* What is needed:
In the records below, find the line containing "Barokowy Vintage Metal" and transcribe it and every line after it exactly; leave the pictures out.

* Supplied entries:
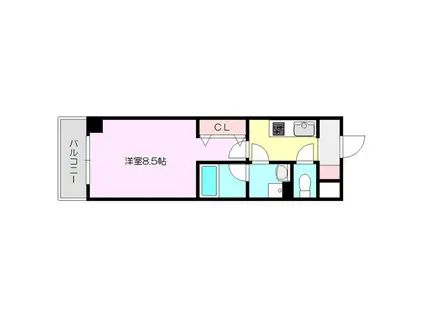 リバースクエア103(1K/5階)の間取り写真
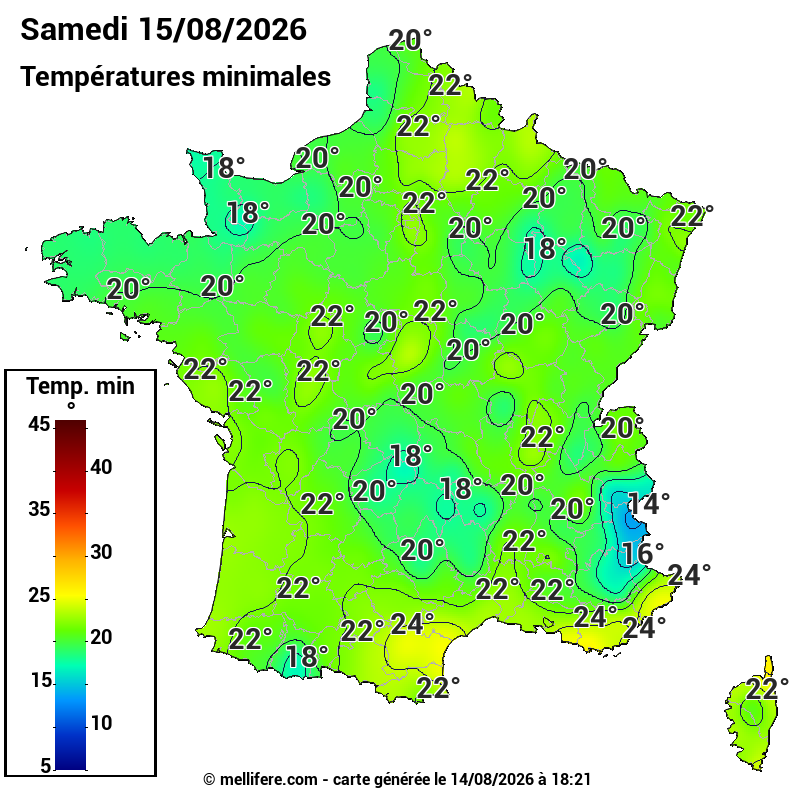 Prévision Températures mini 15/08
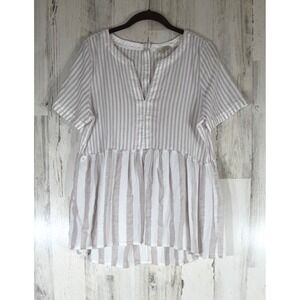 11 1 Tylho Beige White Striped Babydoll Blouse Top Size Small Cotton Notch Neck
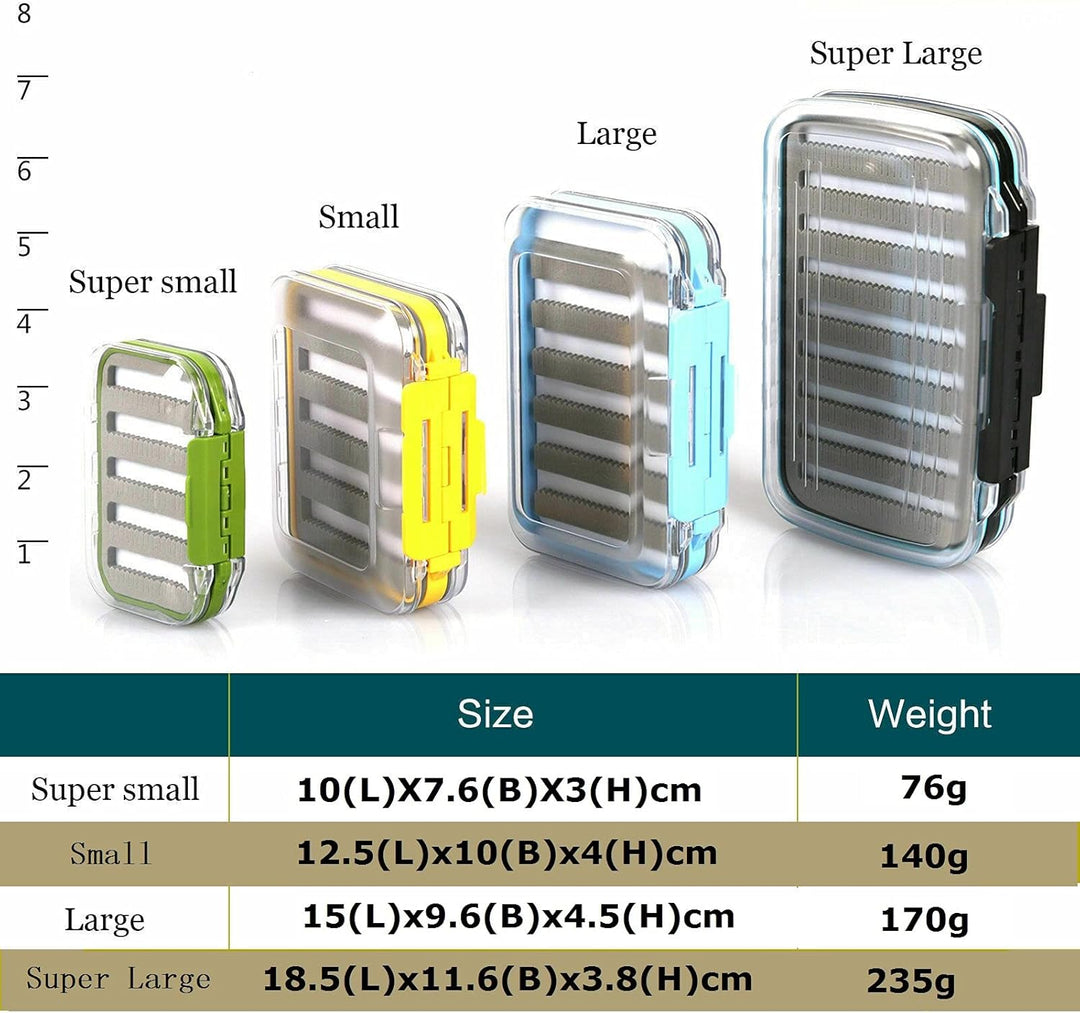 Maximumcatch Zweiseitige wasserdichte Fliegenbox mit Schlitz Foam Fliegenfischen Box in 4 Grössen (S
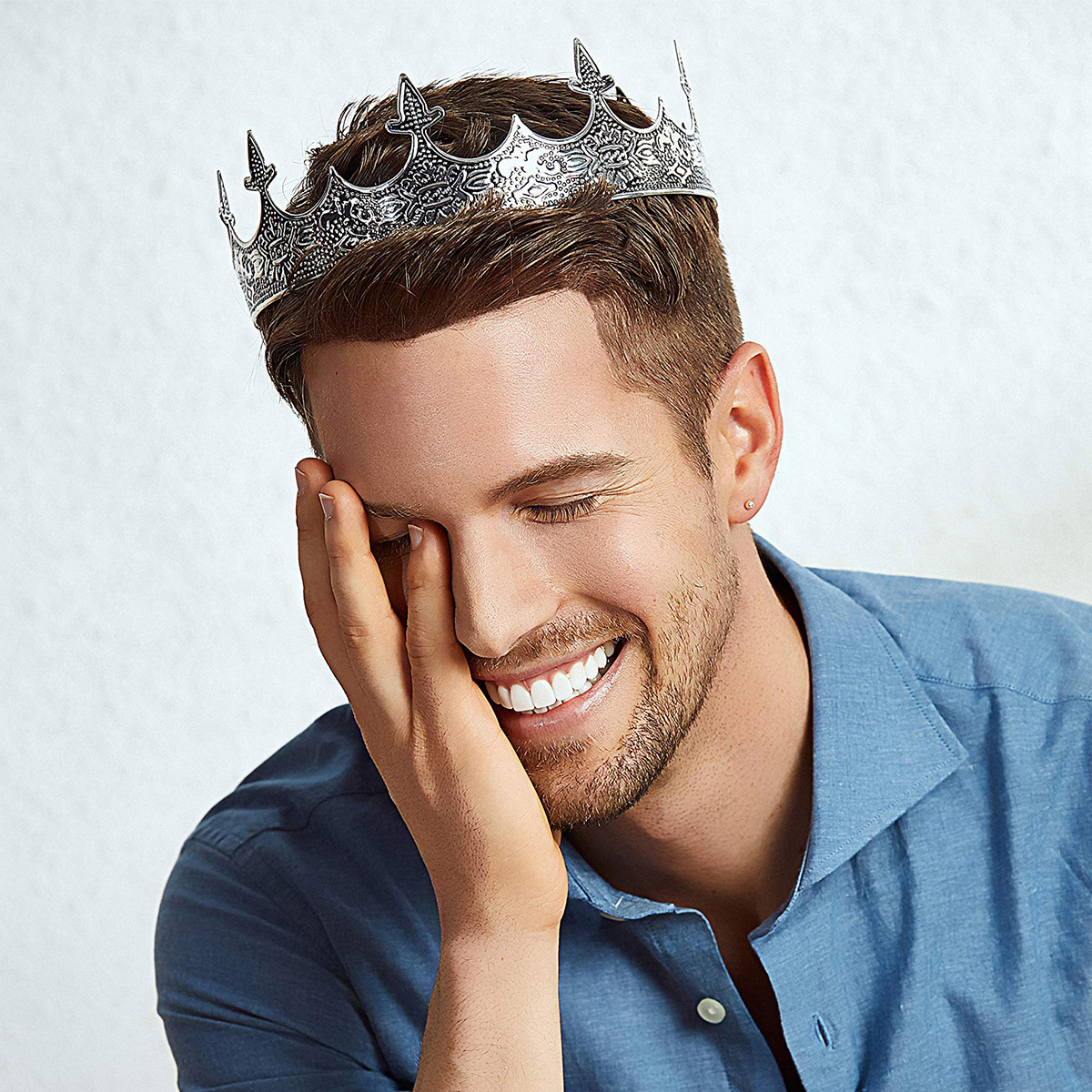 Barokowy Vintage Metal Circle Tiara Royal Queen King Crown mężczyźni królowa akcesoria do włosów tiara tiara wydajność unisex korona księcia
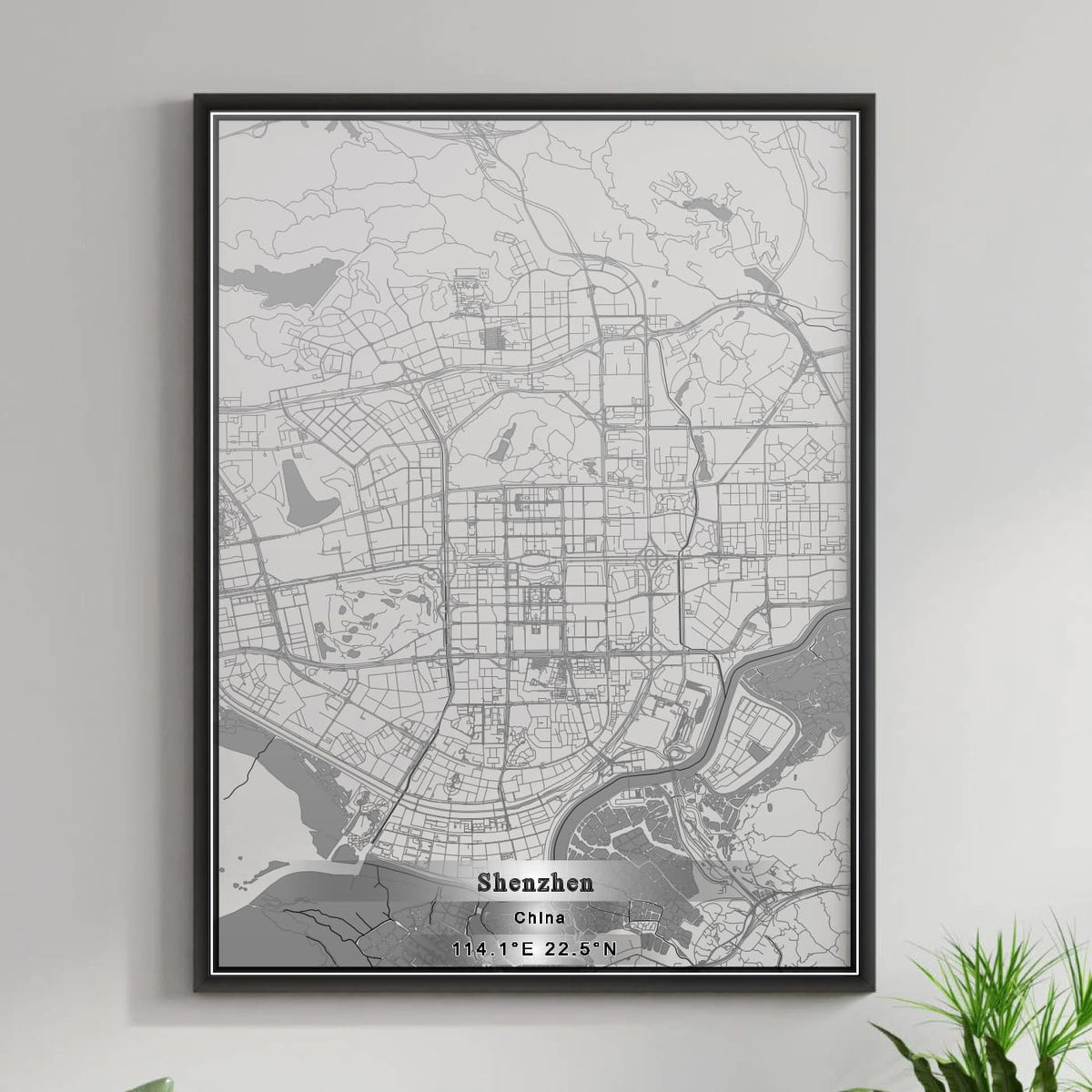 ROAD MAP OF SHENZHEN, CHINA BY MAPBAKES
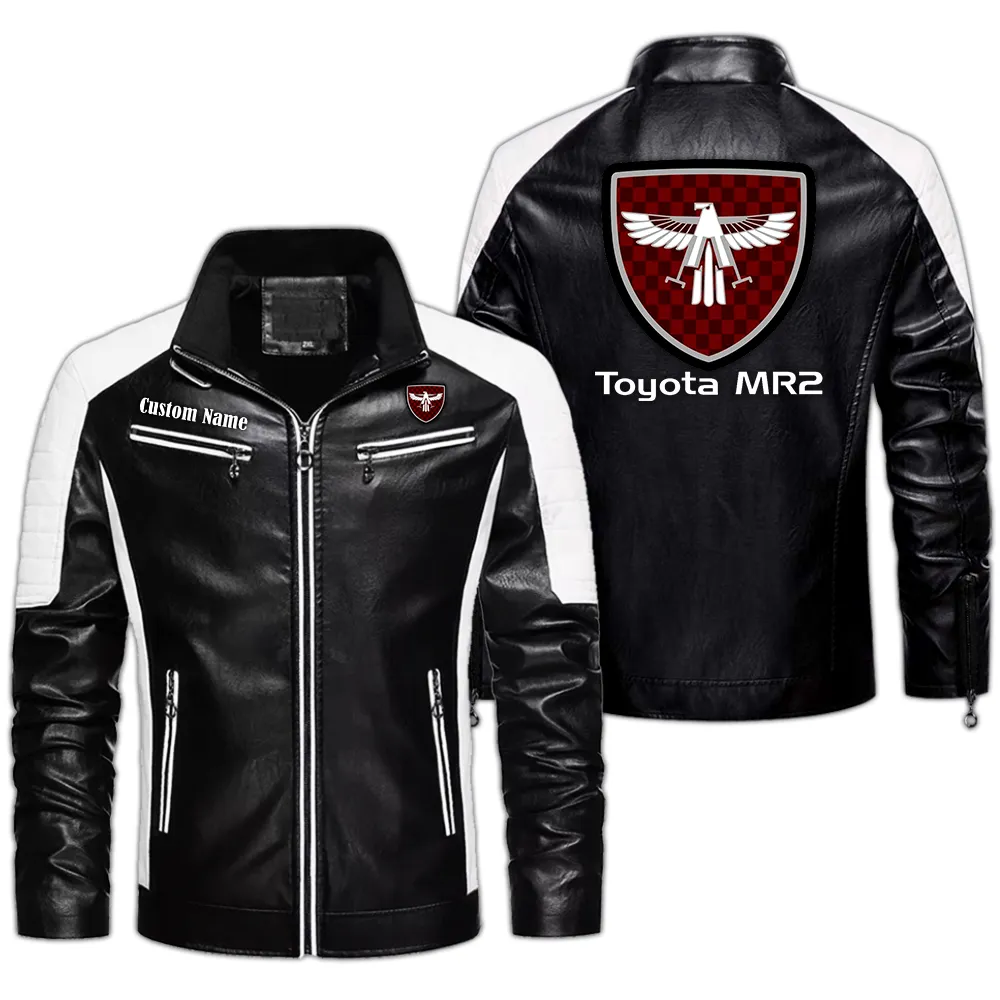 Racing Motion Men's Pu Leather Jacket, Auto-Inspired PU Leather Style CAR040 - Black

* Task result:
 Barokowy Vintage Metal Circle Tiara Royal Queen King Crown mężczyźni królowa akcesoria do włosów tiara tiara wydajność unisex korona księcia
 ROAD MAP OF SHENZHEN, CHINA BY MAPBAKES
 Racing Motion Men's Pu Leather Jacket, Auto-Inspired PU Leather Style CAR040 - Black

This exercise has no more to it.